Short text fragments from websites
%%

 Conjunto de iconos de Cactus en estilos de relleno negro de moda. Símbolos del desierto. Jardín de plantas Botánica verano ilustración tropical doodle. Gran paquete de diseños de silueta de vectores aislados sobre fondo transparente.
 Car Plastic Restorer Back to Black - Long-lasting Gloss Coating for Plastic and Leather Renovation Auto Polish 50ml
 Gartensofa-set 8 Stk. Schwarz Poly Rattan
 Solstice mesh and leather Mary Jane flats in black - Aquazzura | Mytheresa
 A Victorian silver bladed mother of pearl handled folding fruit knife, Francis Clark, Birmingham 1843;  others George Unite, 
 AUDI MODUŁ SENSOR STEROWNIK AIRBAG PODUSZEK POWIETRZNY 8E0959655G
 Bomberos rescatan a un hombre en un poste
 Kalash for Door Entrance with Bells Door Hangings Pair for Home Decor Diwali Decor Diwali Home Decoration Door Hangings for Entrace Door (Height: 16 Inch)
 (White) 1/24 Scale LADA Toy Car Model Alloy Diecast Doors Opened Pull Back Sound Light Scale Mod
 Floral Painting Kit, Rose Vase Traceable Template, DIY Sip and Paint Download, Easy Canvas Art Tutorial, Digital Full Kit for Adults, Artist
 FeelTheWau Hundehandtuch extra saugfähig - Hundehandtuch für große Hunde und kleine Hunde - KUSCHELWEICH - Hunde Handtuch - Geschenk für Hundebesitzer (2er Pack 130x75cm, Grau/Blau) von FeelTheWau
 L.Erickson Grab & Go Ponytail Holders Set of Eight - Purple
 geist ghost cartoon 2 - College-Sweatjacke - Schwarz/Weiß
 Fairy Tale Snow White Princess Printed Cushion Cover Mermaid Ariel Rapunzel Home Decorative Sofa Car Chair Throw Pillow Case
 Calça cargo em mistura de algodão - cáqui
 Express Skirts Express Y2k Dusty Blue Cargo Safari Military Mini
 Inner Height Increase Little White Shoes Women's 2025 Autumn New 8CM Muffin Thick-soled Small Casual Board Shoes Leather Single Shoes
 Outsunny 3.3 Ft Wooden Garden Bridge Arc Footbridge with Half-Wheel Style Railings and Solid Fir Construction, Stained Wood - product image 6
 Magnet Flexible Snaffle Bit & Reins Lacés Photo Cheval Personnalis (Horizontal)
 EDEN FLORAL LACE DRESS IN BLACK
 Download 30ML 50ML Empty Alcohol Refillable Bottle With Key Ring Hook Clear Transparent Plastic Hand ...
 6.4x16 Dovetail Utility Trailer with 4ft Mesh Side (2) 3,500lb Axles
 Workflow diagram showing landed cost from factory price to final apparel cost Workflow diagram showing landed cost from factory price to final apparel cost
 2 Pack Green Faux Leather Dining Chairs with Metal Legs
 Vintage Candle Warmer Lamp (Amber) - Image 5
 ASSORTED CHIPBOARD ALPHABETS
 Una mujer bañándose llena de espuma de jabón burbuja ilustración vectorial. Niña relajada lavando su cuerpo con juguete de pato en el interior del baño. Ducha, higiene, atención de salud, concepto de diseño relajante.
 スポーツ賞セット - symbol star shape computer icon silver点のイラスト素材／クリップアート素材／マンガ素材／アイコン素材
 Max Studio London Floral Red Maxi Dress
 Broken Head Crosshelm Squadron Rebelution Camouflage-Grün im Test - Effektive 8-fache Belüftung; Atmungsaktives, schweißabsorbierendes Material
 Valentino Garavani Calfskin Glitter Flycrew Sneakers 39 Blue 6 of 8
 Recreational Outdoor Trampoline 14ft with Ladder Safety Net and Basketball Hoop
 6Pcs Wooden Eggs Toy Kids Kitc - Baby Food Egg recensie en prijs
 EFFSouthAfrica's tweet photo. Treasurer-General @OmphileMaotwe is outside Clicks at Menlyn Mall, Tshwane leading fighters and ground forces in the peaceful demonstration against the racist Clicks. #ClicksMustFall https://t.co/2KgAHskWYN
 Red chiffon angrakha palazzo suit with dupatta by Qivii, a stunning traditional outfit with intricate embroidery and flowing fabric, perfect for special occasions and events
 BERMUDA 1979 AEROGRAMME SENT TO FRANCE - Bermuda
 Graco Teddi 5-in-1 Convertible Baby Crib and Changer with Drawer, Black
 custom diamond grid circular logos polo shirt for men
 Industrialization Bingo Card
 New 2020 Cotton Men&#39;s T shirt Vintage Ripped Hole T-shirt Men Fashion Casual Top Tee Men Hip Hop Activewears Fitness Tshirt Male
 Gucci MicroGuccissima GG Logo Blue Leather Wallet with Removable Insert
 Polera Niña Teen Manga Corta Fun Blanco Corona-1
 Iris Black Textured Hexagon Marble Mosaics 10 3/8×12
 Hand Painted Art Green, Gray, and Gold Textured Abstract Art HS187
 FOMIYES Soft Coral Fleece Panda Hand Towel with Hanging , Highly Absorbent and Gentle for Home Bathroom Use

%%

▶ [Your goal]: Each record is to be repeated word for word, with none skipped.

▶ [Answer section]:
 Conjunto de iconos de Cactus en estilos de relleno negro de moda. Símbolos del desierto. Jardín de plantas Botánica verano ilustración tropical doodle. Gran paquete de diseños de silueta de vectores aislados sobre fondo transparente.
 Car Plastic Restorer Back to Black - Long-lasting Gloss Coating for Plastic and Leather Renovation Auto Polish 50ml
 Gartensofa-set 8 Stk. Schwarz Poly Rattan
 Solstice mesh and leather Mary Jane flats in black - Aquazzura | Mytheresa
 A Victorian silver bladed mother of pearl handled folding fruit knife, Francis Clark, Birmingham 1843;  others George Unite, 
 AUDI MODUŁ SENSOR STEROWNIK AIRBAG PODUSZEK POWIETRZNY 8E0959655G
 Bomberos rescatan a un hombre en un poste
 Kalash for Door Entrance with Bells Door Hangings Pair for Home Decor Diwali Decor Diwali Home Decoration Door Hangings for Entrace Door (Height: 16 Inch)
 (White) 1/24 Scale LADA Toy Car Model Alloy Diecast Doors Opened Pull Back Sound Light Scale Mod
 Floral Painting Kit, Rose Vase Traceable Template, DIY Sip and Paint Download, Easy Canvas Art Tutorial, Digital Full Kit for Adults, Artist
 FeelTheWau Hundehandtuch extra saugfähig - Hundehandtuch für große Hunde und kleine Hunde - KUSCHELWEICH - Hunde Handtuch - Geschenk für Hundebesitzer (2er Pack 130x75cm, Grau/Blau) von FeelTheWau
 L.Erickson Grab & Go Ponytail Holders Set of Eight - Purple
 geist ghost cartoon 2 - College-Sweatjacke - Schwarz/Weiß
 Fairy Tale Snow White Princess Printed Cushion Cover Mermaid Ariel Rapunzel Home Decorative Sofa Car Chair Throw Pillow Case
 Calça cargo em mistura de algodão - cáqui
 Express Skirts Express Y2k Dusty Blue Cargo Safari Military Mini
 Inner Height Increase Little White Shoes Women's 2025 Autumn New 8CM Muffin Thick-soled Small Casual Board Shoes Leather Single Shoes
 Outsunny 3.3 Ft Wooden Garden Bridge Arc Footbridge with Half-Wheel Style Railings and Solid Fir Construction, Stained Wood - product image 6
 Magnet Flexible Snaffle Bit & Reins Lacés Photo Cheval Personnalis (Horizontal)
 EDEN FLORAL LACE DRESS IN BLACK
 Download 30ML 50ML Empty Alcohol Refillable Bottle With Key Ring Hook Clear Transparent Plastic Hand ...
 6.4x16 Dovetail Utility Trailer with 4ft Mesh Side (2) 3,500lb Axles
 Workflow diagram showing landed cost from factory price to final apparel cost Workflow diagram showing landed cost from factory price to final apparel cost
 2 Pack Green Faux Leather Dining Chairs with Metal Legs
 Vintage Candle Warmer Lamp (Amber) - Image 5
 ASSORTED CHIPBOARD ALPHABETS
 Una mujer bañándose llena de espuma de jabón burbuja ilustración vectorial. Niña relajada lavando su cuerpo con juguete de pato en el interior del baño. Ducha, higiene, atención de salud, concepto de diseño relajante.
 スポーツ賞セット - symbol star shape computer icon silver点のイラスト素材／クリップアート素材／マンガ素材／アイコン素材
 Max Studio London Floral Red Maxi Dress
 Broken Head Crosshelm Squadron Rebelution Camouflage-Grün im Test - Effektive 8-fache Belüftung; Atmungsaktives, schweißabsorbierendes Material
 Valentino Garavani Calfskin Glitter Flycrew Sneakers 39 Blue 6 of 8
 Recreational Outdoor Trampoline 14ft with Ladder Safety Net and Basketball Hoop
 6Pcs Wooden Eggs Toy Kids Kitc - Baby Food Egg recensie en prijs
 EFFSouthAfrica's tweet photo. Treasurer-General @OmphileMaotwe is outside Clicks at Menlyn Mall, Tshwane leading fighters and ground forces in the peaceful demonstration against the racist Clicks. #ClicksMustFall https://t.co/2KgAHskWYN
 Red chiffon angrakha palazzo suit with dupatta by Qivii, a stunning traditional outfit with intricate embroidery and flowing fabric, perfect for special occasions and events
 BERMUDA 1979 AEROGRAMME SENT TO FRANCE - Bermuda
 Graco Teddi 5-in-1 Convertible Baby Crib and Changer with Drawer, Black
 custom diamond grid circular logos polo shirt for men
 Industrialization Bingo Card
 New 2020 Cotton Men&#39;s T shirt Vintage Ripped Hole T-shirt Men Fashion Casual Top Tee Men Hip Hop Activewears Fitness Tshirt Male
 Gucci MicroGuccissima GG Logo Blue Leather Wallet with Removable Insert
 Polera Niña Teen Manga Corta Fun Blanco Corona-1
 Iris Black Textured Hexagon Marble Mosaics 10 3/8×12
 Hand Painted Art Green, Gray, and Gold Textured Abstract Art HS187
 FOMIYES Soft Coral Fleece Panda Hand Towel with Hanging , Highly Absorbent and Gentle for Home Bathroom Use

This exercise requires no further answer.